Good for: renowned literature and bijou tea
With informed and enthusiastic staff, invitingly arranged bookshelves and two floors packed with politics, poetry and philosophy, plus sections for audiobooks, classic and new fiction, this petite store is well worth a visit. Refuel and flick through your purchases in the excellent onsite café.

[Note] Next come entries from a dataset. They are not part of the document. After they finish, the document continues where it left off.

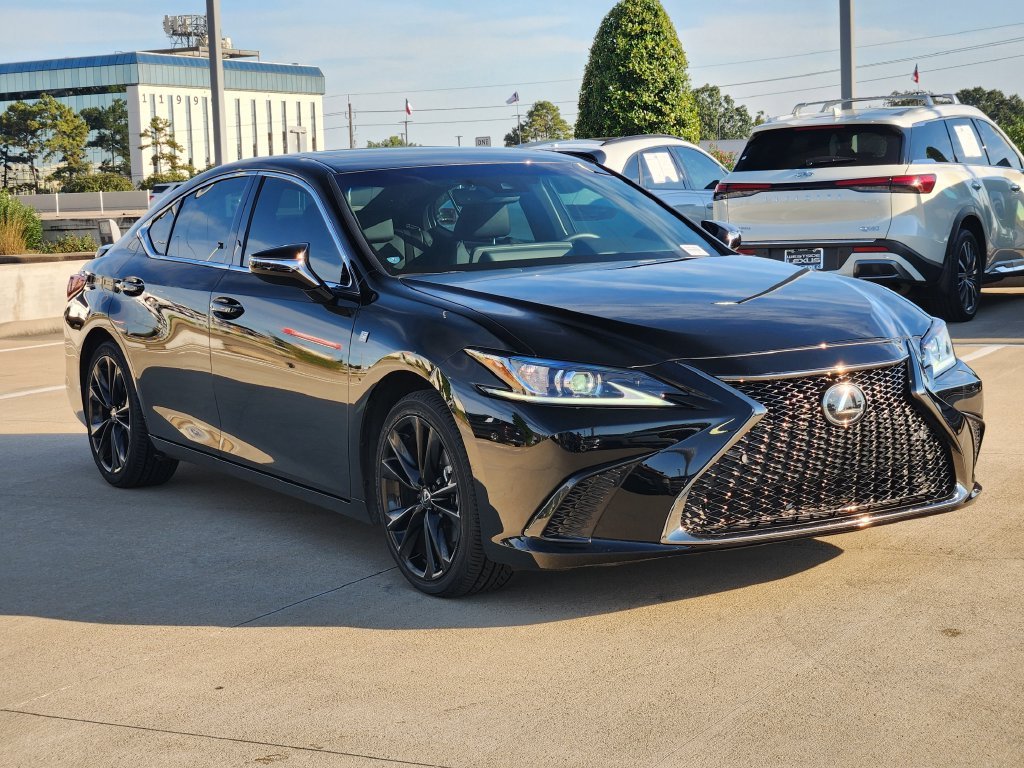 Certified Used 2023 Obsidian Lexus 350 F Sport DYNAMIC image 3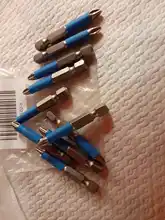 10/5/2pcs Driver Bits-Set Hand-Accessories Hand-Electric-Drill Magnetic Anti-Slip 
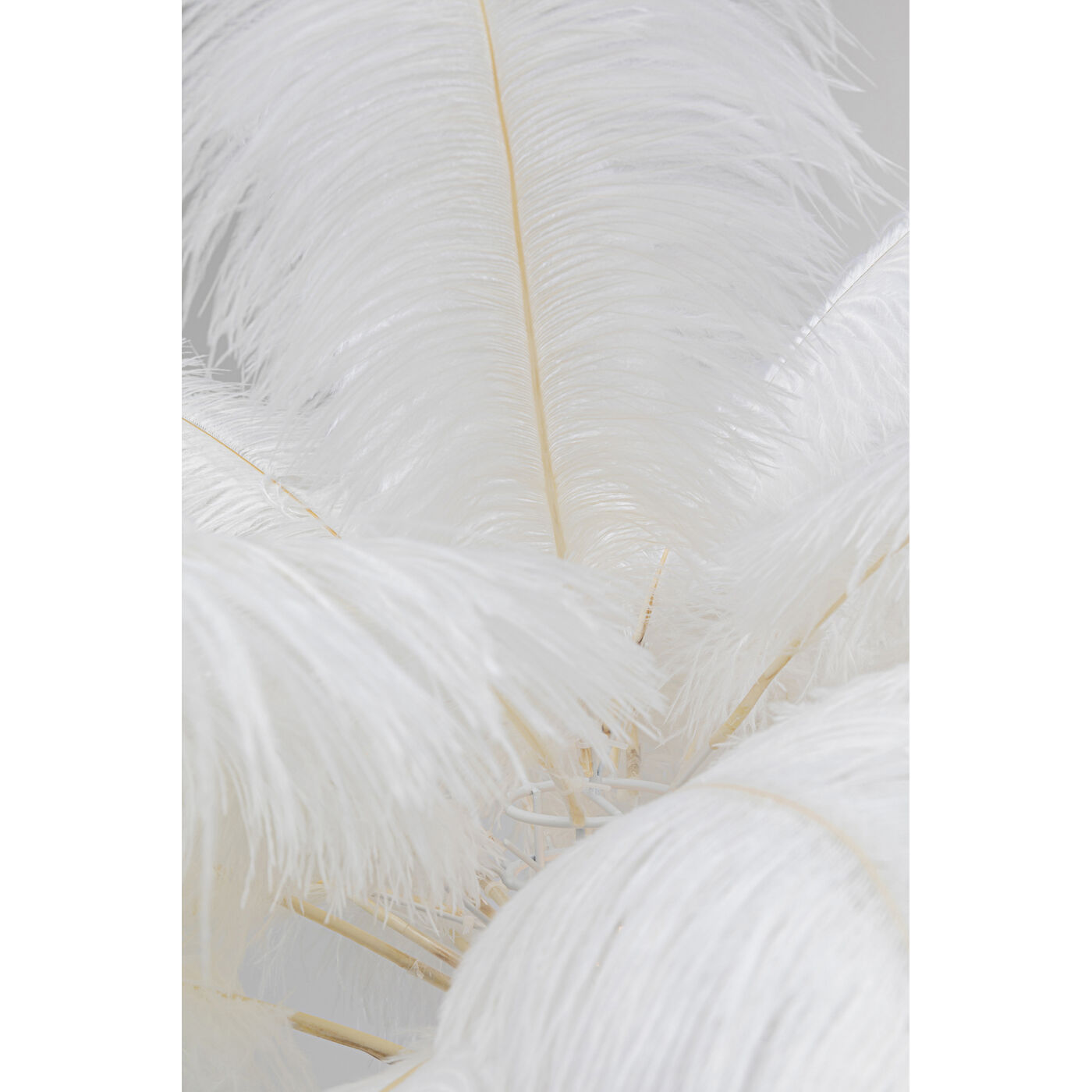 Светильник напольный Feather Palm White 165 см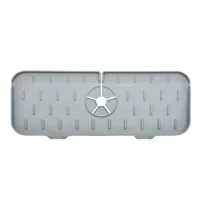 DripShield - Siliconen Kraan Absorberende Mat & Spatbescherming voor Keuken & Badkamer
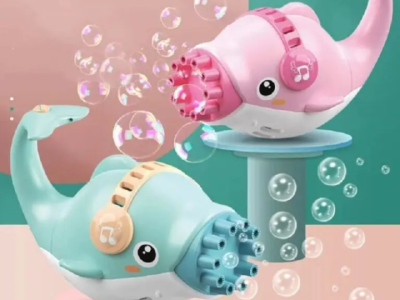 Dolphin Bubble Gun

Good for: unusual editions
This cute corner shop provides shelf space for small press publications, artsy limited editions and carefully selected small runs of collectable books. Beautifully designed cult magazines and coffee table tomes make this tiny haven a lovely place to grab something special for a bookworm with eclectic taste.
Good for: travel books
Oak balconies, stained-glass windows and viridian-green walls combine into what could well be London’s most beautiful bookshop. Its Edwardian walls are packed to the rafters with paperbacks and the travel section’s especially great: ordered by country and bound to induce wanderlust in the homeliest of homebodies.
Good for: popular reads
After moving into the old Central Saint Martins building in 2014, the dramatically made-over Foyles can make a decent claim to the title of London’s best bookshop. Its 37,000 square feet of floor space is packed with more than 200,000 books, as well as a floor dedicated to events and a swish café. With that amount of real estate, you’ll find all the latest cookbooks and high-profile releases as well as plenty of niche titles, plus very well-read staff.

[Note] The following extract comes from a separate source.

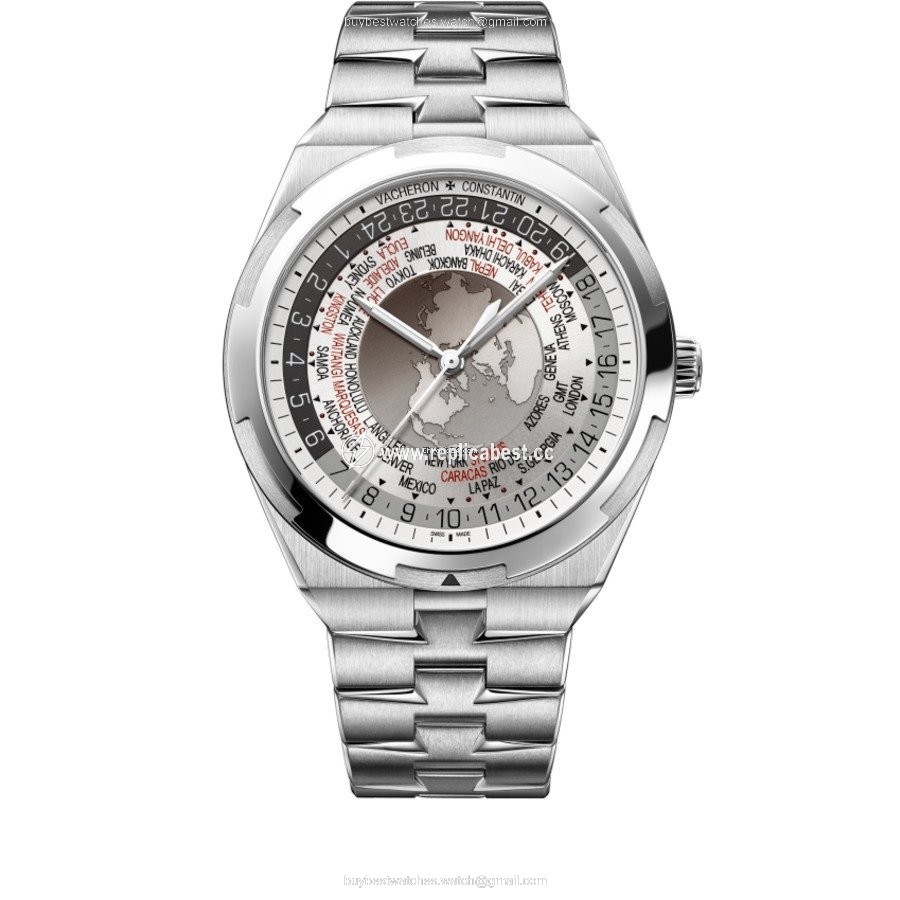 Vacheron Constantin Overseas World Time Mens watch Unisex Automatic Steel 7700V 110A-B129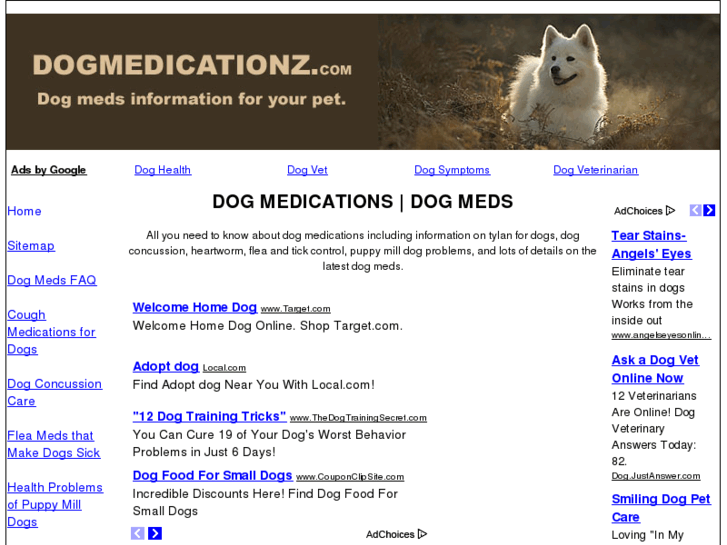 www.dogmedicationz.com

Good for: modern aesthetics
Heal’s puts its 42,000 square feet to good use with an aspirational edit of fancy furniture, Nordic dinnerware and Tom Dixon fragrances and candles. If you’re short on gift-getting inspiration, its gift-laden ground floor is sure to provide a eureka! moment or two, and its customer service has been a virtue throughout its long history.

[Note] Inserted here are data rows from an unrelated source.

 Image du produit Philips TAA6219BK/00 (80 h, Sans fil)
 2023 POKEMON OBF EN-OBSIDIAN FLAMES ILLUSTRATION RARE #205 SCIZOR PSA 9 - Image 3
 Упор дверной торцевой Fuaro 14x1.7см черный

Good for: designer homeware
Sir Terence Conran’s eye for dazzling design is as sharp as ever judging by the offerings at his Fulham Road flagship. Bringing together trendy investment pieces, ornaments and cookware, it’s the ideal place to pick up gifts and goods for the home. The art deco building itself was formerly owned by Michelin, and there’s a Michelin-starred restaurant, Bibendum, and oyster bar housed within.
Good for: luxe interiors
Cross the threshold of this Shoreditch emporium and you’ll be greeted with an audacious array of prints – from ’70s-style Palmeral to dusky Dalston Rose – which adorn fabric, mugs, wallpaper and garments. Minimalism is not the vibe here, nor downstairs where you will find statement furniture and ahead-of-the-curve accessories.
Good for: budget-friendly decor
Owned by the brains behind Pottery Barn, this is the place to unearth some lovely interior designs at affordable prices. As well as top-notch homeware and artwork from local artists, West Elm boasts a convenient gift-wrapping service for frazzled Christmas shoppers.